I have no idea what spooked him. The wind was from him to me and I was 25 feet above him. He stood for maybe 15 minutes, the began to circle slowly....all the time remaining in the brush and 60-65 yards away. He would circle 15-20 yards and then stand for 10 minutes before moving again. I actually considered trying a shot even though it was beyond my "sure kill" distance and he was in and out of the brush, but I just "knew" that at any minute he would calm down and move on in.

The light was falling fast and I thought I had maybe 10 minutes before I would be unable to see my sights on the bow. By this time he had circled about half-way around me. Then he stopped again and raised his head. I could actually see his nostrils flare. Then I swear he looked up directly at me 25 feet up in my tree and turned back the way he'd come from. He never ran, but moved quickly back toward his thicket and out of sight. That was the last time I saw him or his tracks that year, He pulled his old disappearing act and went where ever it was he went when disturbed.
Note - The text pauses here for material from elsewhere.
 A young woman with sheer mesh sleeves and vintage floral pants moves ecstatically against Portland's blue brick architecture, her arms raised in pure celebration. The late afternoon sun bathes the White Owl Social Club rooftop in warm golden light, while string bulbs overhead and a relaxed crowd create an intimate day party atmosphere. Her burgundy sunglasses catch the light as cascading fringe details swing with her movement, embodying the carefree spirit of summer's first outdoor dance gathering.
The following year I never saw him at all. The tracks were there, the scrape was worked and the cedar was hammered, but I never saw him at all before the season. Then, on opening morning, I blew my chances again. I was on stand 2 hours before first light and sat until I could just see. I caught movement through the trees about 50 yards out. At first I thought it was a bird or squirrel, but got ready anyway....just in case. Another movement about 10 yards from where I'd seen the first confirmed something was moving. I had a single "lane" I could see through to where the "something" was moving towards. A gap between the trees maybe 12" wide was the only possibility for a shot if it was "my" buck.
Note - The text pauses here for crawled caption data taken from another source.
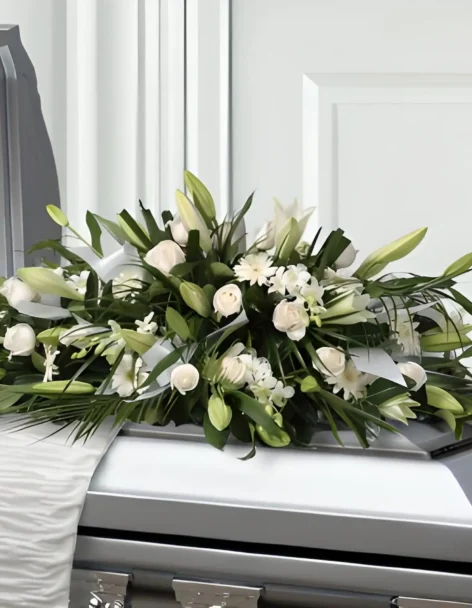 Cubre cofre de rosas y lirios blancos con follaje verde, extendido sobre un ataúd plateado.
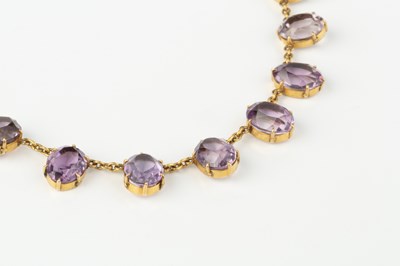 Lot 283 - An amethyst fringe necklace, the trace-link...
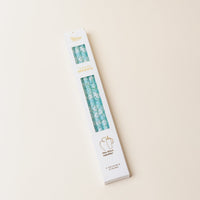 A white rectangular box of The Darling Effect Daisy Craze Aqua 40 oz Tumbler Straw Set with a blue and white pattern, gold and yellow lettering, and a small cup illustration is shown on a light beige background.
In that bottom I sometimes saw does, but only rarely was a buck seen. I guess the big boy kept them away. I put my scope on the small opening just in time. It happened so fast I didn't have time to even think. As the scope settled I saw something enter the gap between the trees. I remember thinking, "DEER, HORNS, SHOOT" and it was all over.

Then I began to second guess myself. I thought, "Did you really see a deer"? Yes...it was definitely a deer. Then, "But did you really see horns"? Yes....AND THEY WERE BIG!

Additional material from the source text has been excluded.